**WHAT IS NEEDED:** Please repeat exactly the lines from the one containing "Sonda Transversal Airmar B45dt" through the last line of the records below, both included, and leave out any pictures.
◇ ◇ ◇ ◇ ◇ ◇ ◇
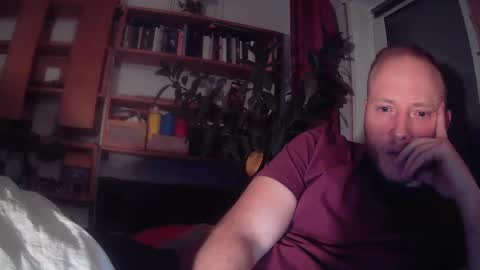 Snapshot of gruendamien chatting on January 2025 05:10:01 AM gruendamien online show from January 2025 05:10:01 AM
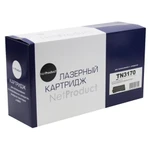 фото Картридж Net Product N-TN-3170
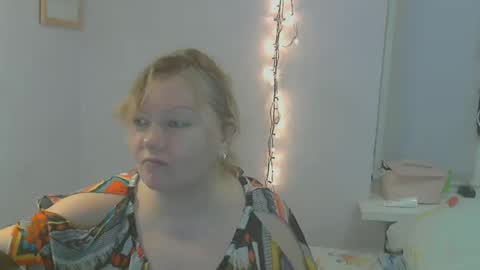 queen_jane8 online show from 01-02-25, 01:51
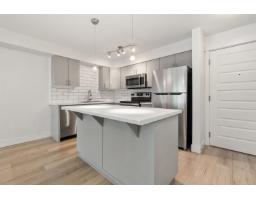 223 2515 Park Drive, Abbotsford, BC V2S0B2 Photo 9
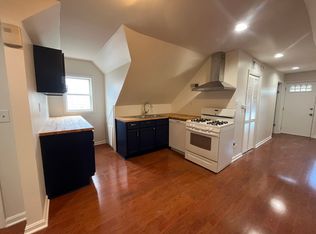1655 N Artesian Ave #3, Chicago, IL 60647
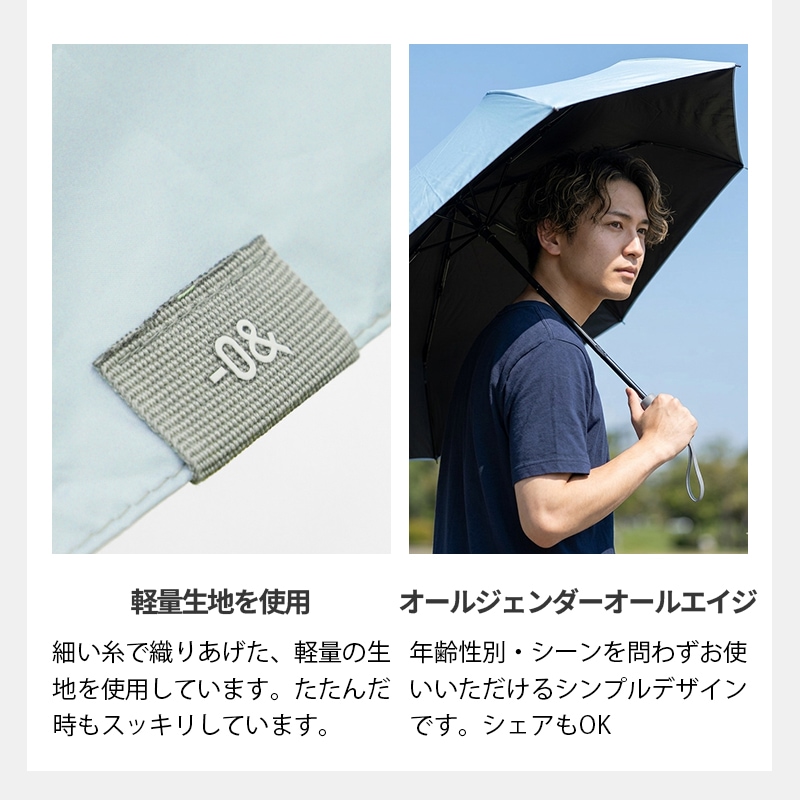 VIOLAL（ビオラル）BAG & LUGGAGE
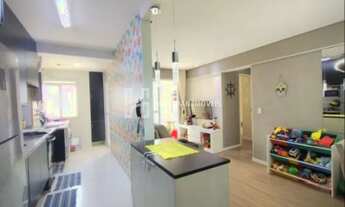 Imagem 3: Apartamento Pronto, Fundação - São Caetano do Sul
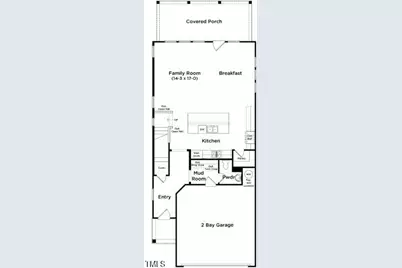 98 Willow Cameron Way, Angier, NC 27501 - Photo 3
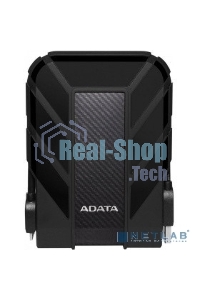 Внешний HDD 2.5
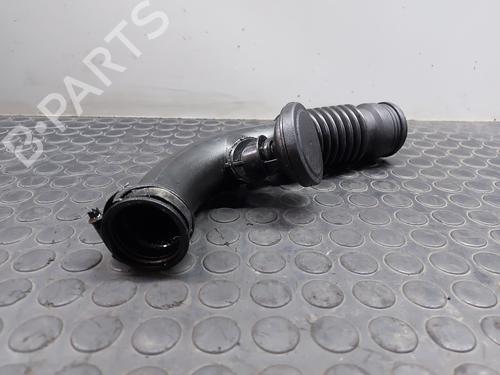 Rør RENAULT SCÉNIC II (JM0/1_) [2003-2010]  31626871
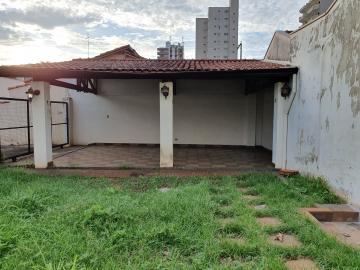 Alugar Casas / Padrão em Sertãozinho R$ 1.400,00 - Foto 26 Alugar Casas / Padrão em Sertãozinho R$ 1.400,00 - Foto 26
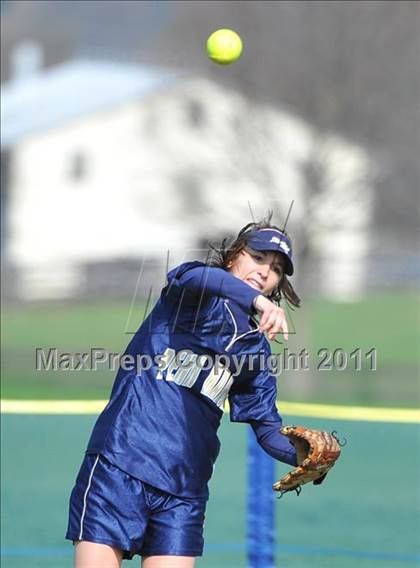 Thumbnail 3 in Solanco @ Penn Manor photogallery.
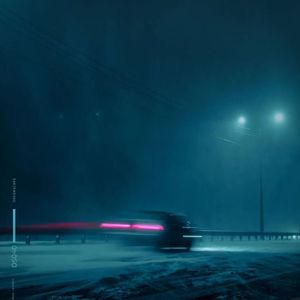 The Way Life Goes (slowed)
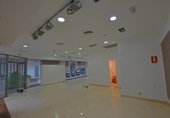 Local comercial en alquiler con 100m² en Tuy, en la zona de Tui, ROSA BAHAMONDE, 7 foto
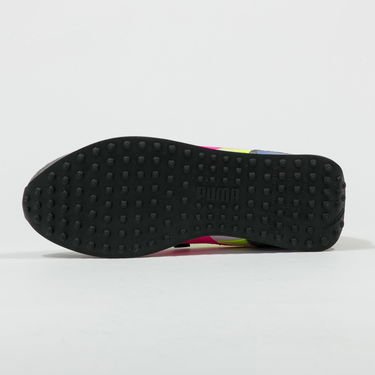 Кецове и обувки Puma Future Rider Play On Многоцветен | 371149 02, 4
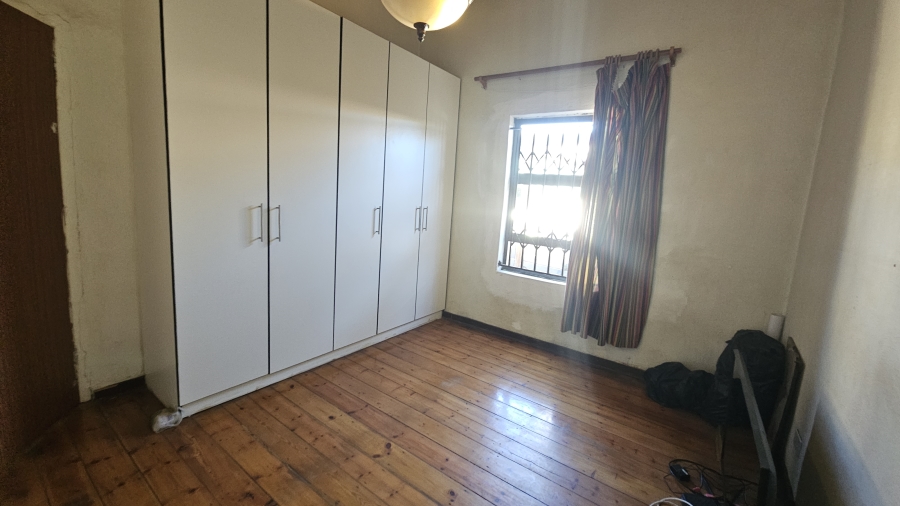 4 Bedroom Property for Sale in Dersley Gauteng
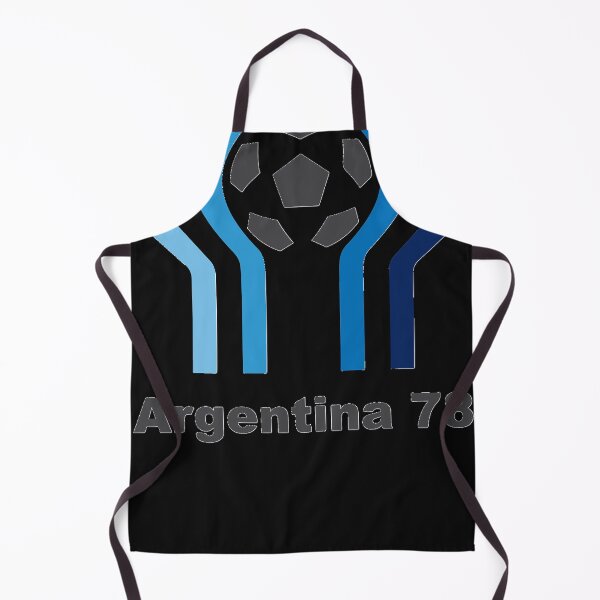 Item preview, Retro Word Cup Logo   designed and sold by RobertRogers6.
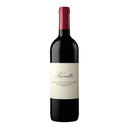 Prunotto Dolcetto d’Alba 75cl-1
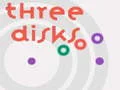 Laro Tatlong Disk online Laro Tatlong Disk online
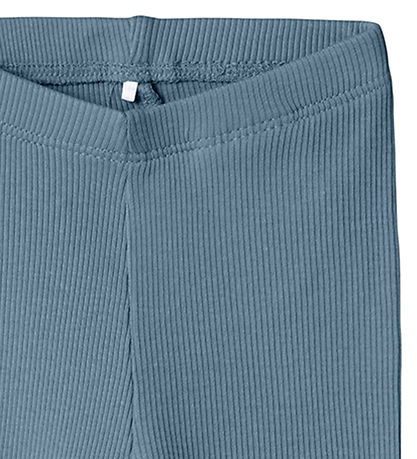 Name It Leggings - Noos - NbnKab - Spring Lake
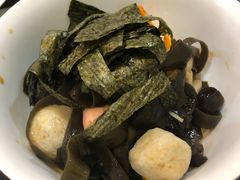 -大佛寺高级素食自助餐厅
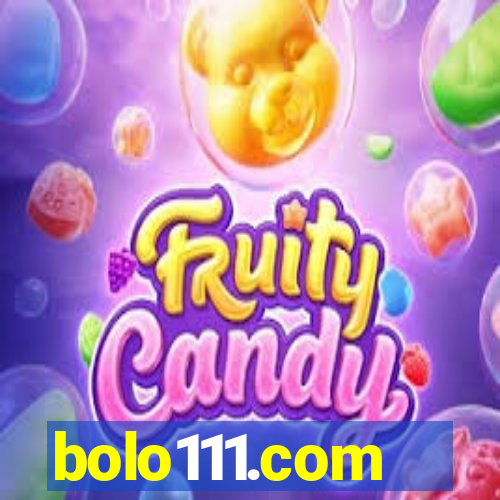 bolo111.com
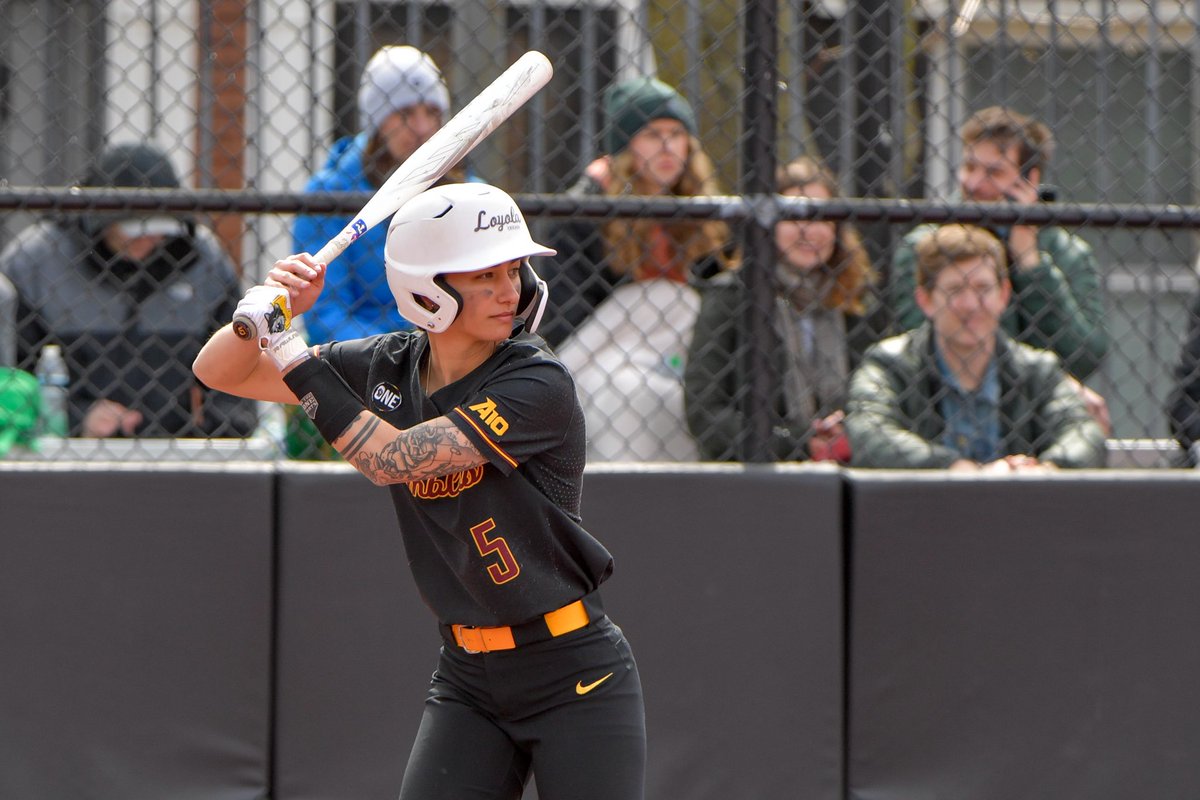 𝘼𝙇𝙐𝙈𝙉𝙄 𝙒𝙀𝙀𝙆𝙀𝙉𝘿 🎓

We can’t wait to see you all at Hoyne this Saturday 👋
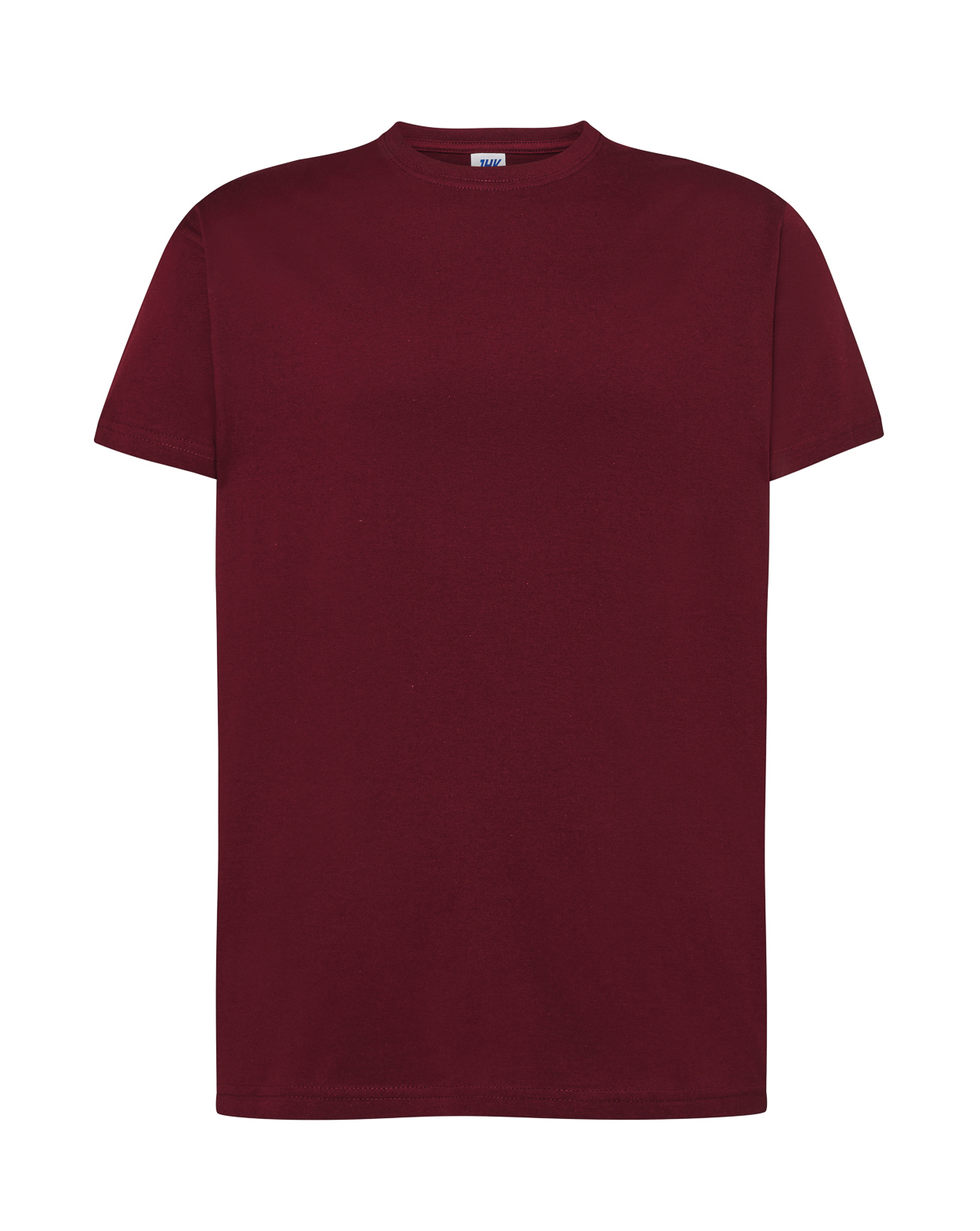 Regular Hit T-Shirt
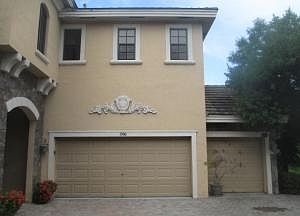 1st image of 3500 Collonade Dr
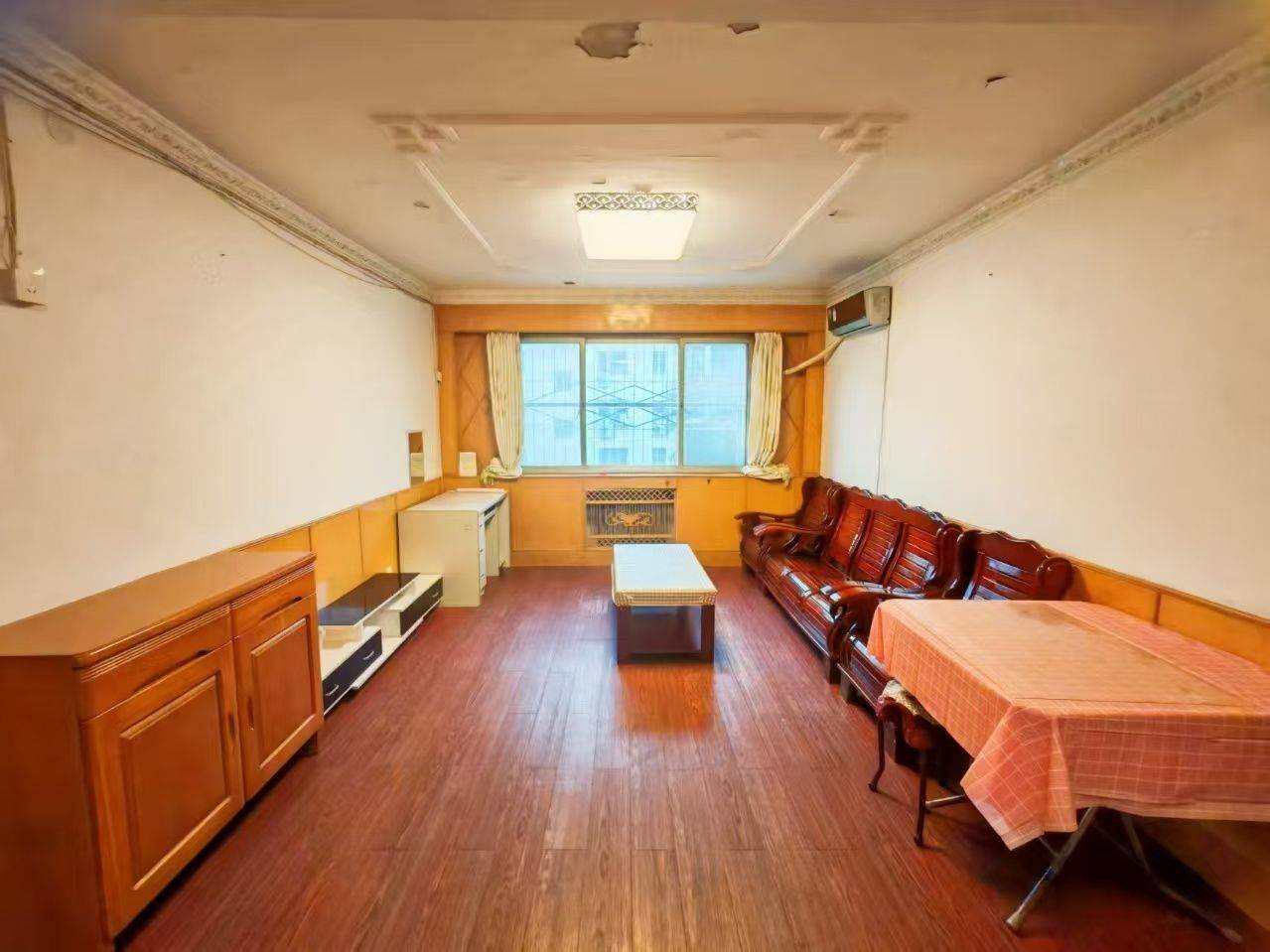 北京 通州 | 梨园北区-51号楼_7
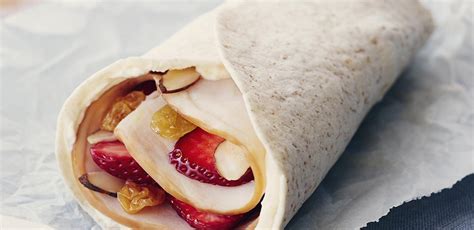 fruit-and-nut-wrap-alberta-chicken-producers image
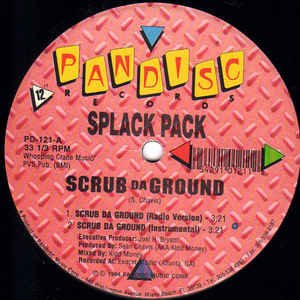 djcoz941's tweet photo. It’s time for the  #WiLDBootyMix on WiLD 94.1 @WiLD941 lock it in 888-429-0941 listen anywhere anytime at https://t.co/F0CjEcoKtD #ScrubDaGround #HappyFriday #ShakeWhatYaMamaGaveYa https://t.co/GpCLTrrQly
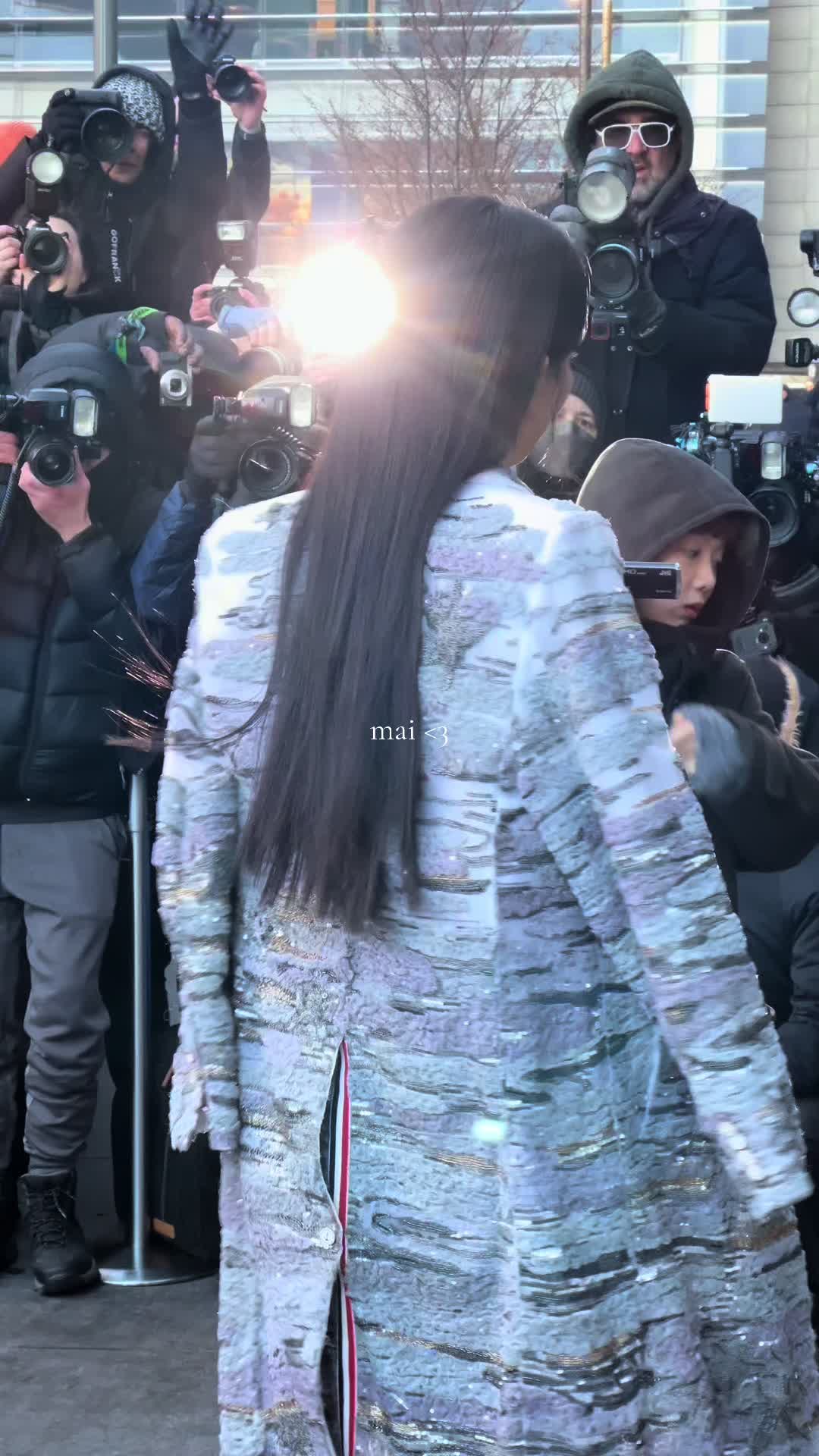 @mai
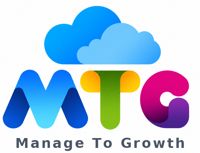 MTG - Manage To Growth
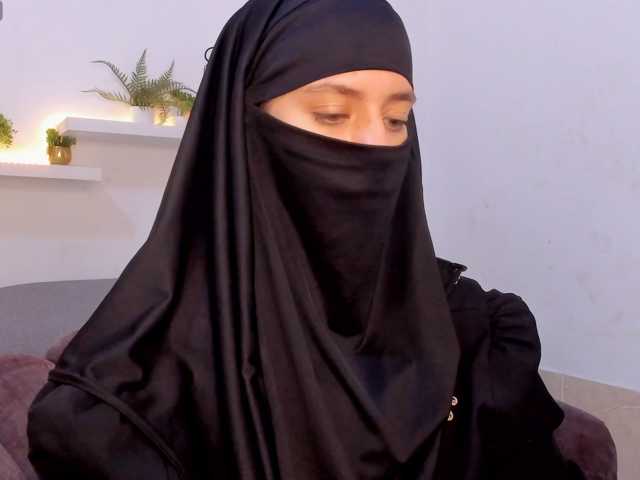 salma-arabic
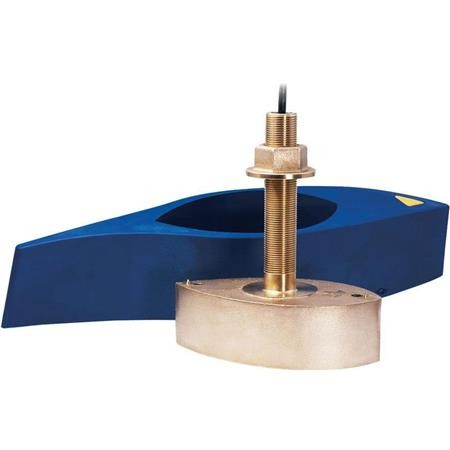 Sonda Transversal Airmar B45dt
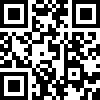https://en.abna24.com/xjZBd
◇ ◇ ◇ ◇ ◇ ◇ ◇
**PROBLEM SOLUTION:**
 Sonda Transversal Airmar B45dt
https://en.abna24.com/xjZBd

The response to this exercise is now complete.